Of the lines in the material below, print only those from the one containing "Watanabe,sadao - Sadao" to the one containing "Seattle Mariners v Oakland Athletics", ends included, exactly as written and without pictures.

═══ Data excerpts

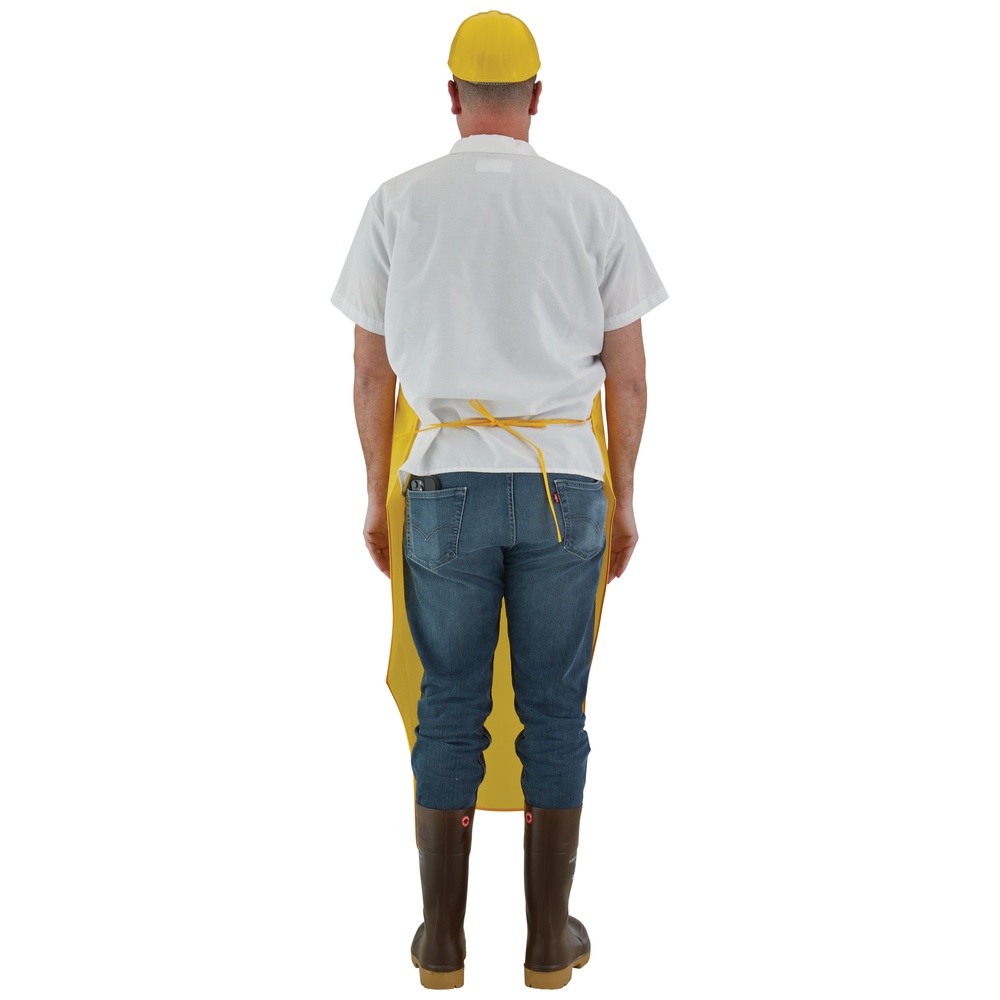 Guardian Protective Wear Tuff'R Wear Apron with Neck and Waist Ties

══════
═══ Data excerpts

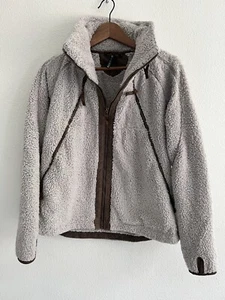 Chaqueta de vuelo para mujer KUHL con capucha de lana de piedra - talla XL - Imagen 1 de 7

══════
═══ Data excerpts

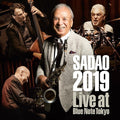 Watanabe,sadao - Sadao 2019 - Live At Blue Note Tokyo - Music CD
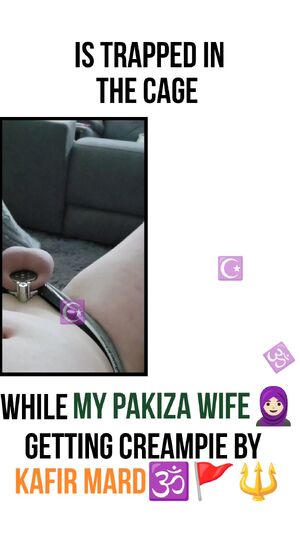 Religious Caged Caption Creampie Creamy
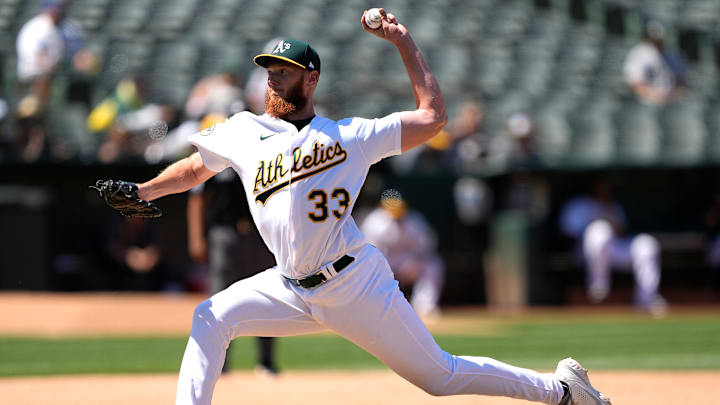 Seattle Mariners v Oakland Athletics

══════

Result of the exercise =
 Watanabe,sadao - Sadao 2019 - Live At Blue Note Tokyo - Music CD
 Religious Caged Caption Creampie Creamy
 Seattle Mariners v Oakland Athletics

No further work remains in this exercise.